Ce soir on joue Carmen. Mais patratas, rien ne va plus ! Les techniciens sont en grève, et sur la scène le décor n’a pas été monté. Le directeur s’arrache – métaphoriquement – les cheveux parce qu’il faut que la représentation ait lieu, survie du théâtre oblige. Pour une fois, et cela fait longtemps que ce n’est pas arrivé, la salle est pleine – clin d’œil aux spectateurs assemblés là – et il n’est pas question de rembourser. Alors on va faire avec les moyens du bord. Le ton est donné. L’opéra, c’est du plus dans une situation qui mélange la comédie au drame… N’empêche ! la musique est là.

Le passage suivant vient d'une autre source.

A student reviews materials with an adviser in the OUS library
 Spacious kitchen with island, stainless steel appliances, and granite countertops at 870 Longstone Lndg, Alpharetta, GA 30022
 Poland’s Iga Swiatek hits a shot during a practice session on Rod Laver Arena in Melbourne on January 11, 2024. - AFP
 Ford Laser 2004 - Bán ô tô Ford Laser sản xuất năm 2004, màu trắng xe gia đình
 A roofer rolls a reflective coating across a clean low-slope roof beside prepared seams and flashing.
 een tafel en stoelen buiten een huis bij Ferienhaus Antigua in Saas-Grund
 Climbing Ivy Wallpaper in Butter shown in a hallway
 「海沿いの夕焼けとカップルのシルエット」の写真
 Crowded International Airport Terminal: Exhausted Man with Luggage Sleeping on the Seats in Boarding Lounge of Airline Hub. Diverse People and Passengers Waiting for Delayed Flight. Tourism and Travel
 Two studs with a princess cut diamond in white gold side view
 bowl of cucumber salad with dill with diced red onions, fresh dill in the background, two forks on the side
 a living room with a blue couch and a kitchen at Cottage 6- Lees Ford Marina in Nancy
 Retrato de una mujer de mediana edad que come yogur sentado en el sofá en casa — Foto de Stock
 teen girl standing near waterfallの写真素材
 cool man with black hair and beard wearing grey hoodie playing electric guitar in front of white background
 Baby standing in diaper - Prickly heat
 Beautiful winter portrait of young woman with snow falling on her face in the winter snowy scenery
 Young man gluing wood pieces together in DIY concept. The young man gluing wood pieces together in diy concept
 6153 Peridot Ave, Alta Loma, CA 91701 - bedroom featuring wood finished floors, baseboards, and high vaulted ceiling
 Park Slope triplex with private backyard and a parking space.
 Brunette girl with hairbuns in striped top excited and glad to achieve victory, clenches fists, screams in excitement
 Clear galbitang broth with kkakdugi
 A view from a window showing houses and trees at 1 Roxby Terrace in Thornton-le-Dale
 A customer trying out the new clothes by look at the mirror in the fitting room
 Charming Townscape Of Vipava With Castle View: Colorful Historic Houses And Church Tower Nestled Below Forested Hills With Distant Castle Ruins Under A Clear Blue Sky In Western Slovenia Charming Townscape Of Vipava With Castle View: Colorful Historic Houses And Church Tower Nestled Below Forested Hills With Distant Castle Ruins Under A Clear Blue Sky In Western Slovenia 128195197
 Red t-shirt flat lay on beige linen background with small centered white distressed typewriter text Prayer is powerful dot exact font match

Un opéra délicieusement au rabais
Des douze personnages – sans compter les chœurs – qui interviennent dans l’opéra, il ne reste plus que quatre chanteurs qui vont interpréter tous les rôles. Et encore ! la soprano qui devait assurer le rôle-titre de Carmen fait défaut et sera remplacée par la secrétaire du directeur pour qui c’est le rôle de sa vie, et l’un des chanteurs n’est qu’un technicien de plateau – il est en grève, certes, mais pas en tant qu’artiste, donc on peut toujours négocier !... Quant à l’orchestre, réduit à la peau de chagrin, il se compose de deux musiciens… Sur fond d’échafaudages et de bande d’interdiction de passage, rouge et blanche, sous les panneaux de « Liberté ! » et de « Théâtre mis à mort », fini les espagnolades et les décors vulgaires. On entre dans la vraie vie – du théâtre – avec un toréador-machiniste qui se réclame de l’Internationale…
Entre opéra et comédie, un duel à fleurets mouchetés
Au milieu de cette situation foutraque où l’opéra semble à tout moment sur le point de se débiner et où les commentaires transforment Carmen en « garce » et les brigands en « ses copains SDF », les chanteurs persévèrent, et ils le font bien. Et, même s’ils sont démentis par un jeu de scène qui introduit une dimension comique, la musique de Bizet tient la route et la manière de chanter les airs culte de l’opéra aussi. Sophie Sara, qui a écrit le spectacle en y insérant des fragments de l’opéra, nous livre une Carmen pétulante et enjouée quoique très éloignée de la fière gitane impérieuse. Mathieu Sempéré, en brigadier déserteur et déchiré, meurtrier de la femme qu’il aime, campe un Don José à la voix magnifique et Philippe Moiroud et Ariane-Olympe Girard, dans leurs multiples peaux, font merveille. Si l’on s’amuse beaucoup, la musique y trouve cependant son compte et lorsque le rideau tombe, on a le sentiment que l’opéra a pris le dessus. Tel est sans doute le sort des grandes œuvres : résister par leur seule force et préserver leur dimension mythique…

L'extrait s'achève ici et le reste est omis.